### What to do:
Only the pictures are to be dropped, and the rest of the data should be copied exactly.

### Provided data:
--*--
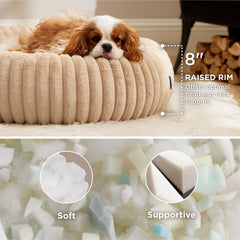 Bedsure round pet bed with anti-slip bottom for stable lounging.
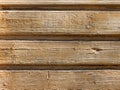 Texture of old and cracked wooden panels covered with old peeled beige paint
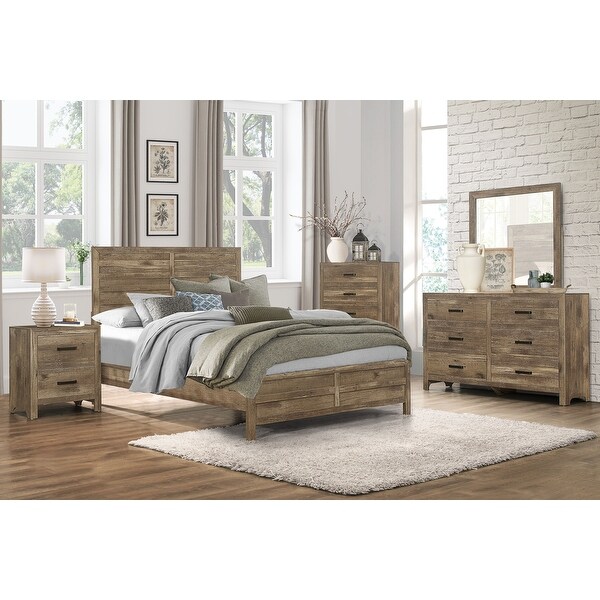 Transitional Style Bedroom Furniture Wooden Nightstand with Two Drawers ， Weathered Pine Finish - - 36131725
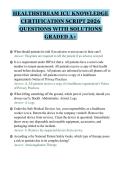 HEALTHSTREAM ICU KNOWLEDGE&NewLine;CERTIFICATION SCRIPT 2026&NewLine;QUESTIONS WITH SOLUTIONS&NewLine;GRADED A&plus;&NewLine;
--*--
### Your response:
 Bedsure round pet bed with anti-slip bottom for stable lounging.
 Texture of old and cracked wooden panels covered with old peeled beige paint
 Transitional Style Bedroom Furniture Wooden Nightstand with Two Drawers ， Weathered Pine Finish - - 36131725
 HEALTHSTREAM ICU KNOWLEDGE&NewLine;CERTIFICATION SCRIPT 2026&NewLine;QUESTIONS WITH SOLUTIONS&NewLine;GRADED A&plus;&NewLine;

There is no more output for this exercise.